11 Consistent with those submissions, the affidavits filed by each of the Aboriginal respondents confirm that they continue to assert rights and interests as native title holders in relation to the land and waters to which this proceeding relates. Their affidavits contain no acknowledgement of the legal effect of the Court’s adoption of the Report. Nor do they acknowledge their obligations under clauses 3(a) and (d) of the Protocol Deed to withdraw assertions of native title that are inconsistent with the referees’ findings and to not object to a determination of native title in terms that are substantially consistent with those findings.
Consideration
12 The Aboriginal respondents became parties to this proceeding on the basis that they claimed to be “affected persons” within the meaning of s 84(3) of the NT Act.
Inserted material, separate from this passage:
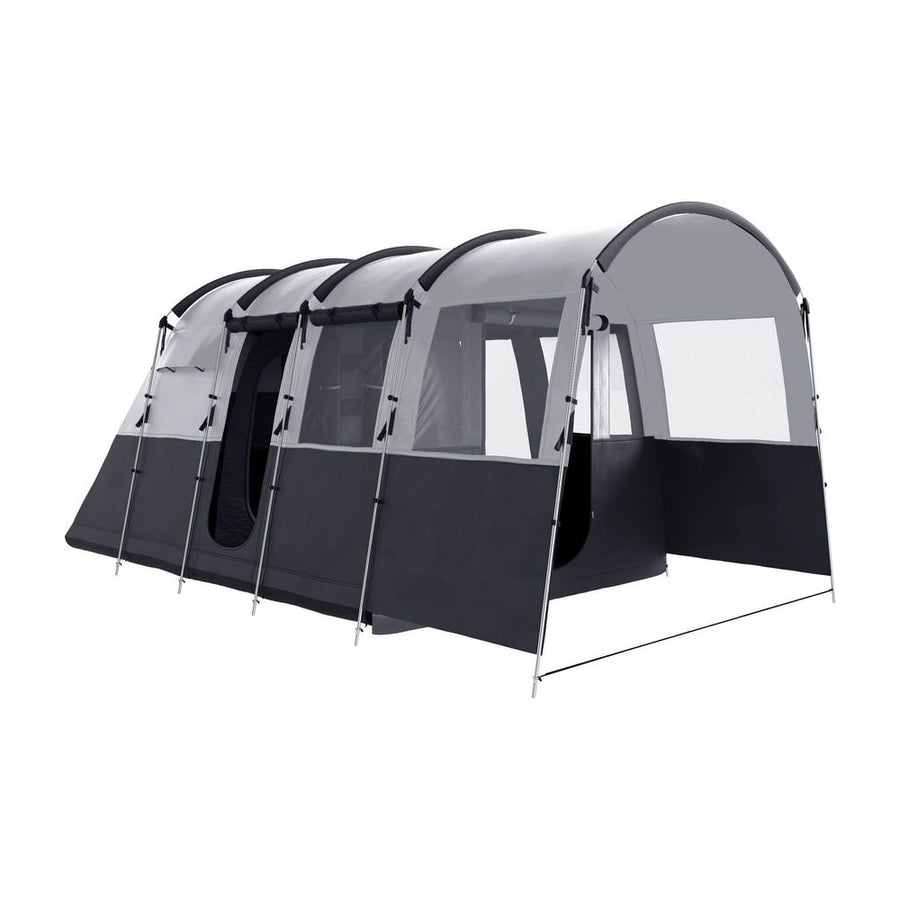 Outsunny 4 Person Camping Tent in a tunnel design with grey and black fabric panels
They each claimed to be native title holders in relation to land or waters covered by the application and they each notified the Court that they wanted to be a party within the statutory time limit: NT Act, s 84(3)(a) and (b) respectively.
13 The Court may at any time order that a person cease to be party: NT Act, s 84(8). The Court is to consider making an order under subs (8) in respect of a person if the Court is satisfied that the person never had, or no longer has, interests that may be affected by a determination in the proceedings: NT Act, s 84(9). However, the power in s 84(8) is not confined to the particular circumstances in s 84(9): Butterworth v Queensland (2010) 184 FCR 397 (at [39]); Starkey v South Australia (2011) 193 FCR 450 (at [42] – [43]).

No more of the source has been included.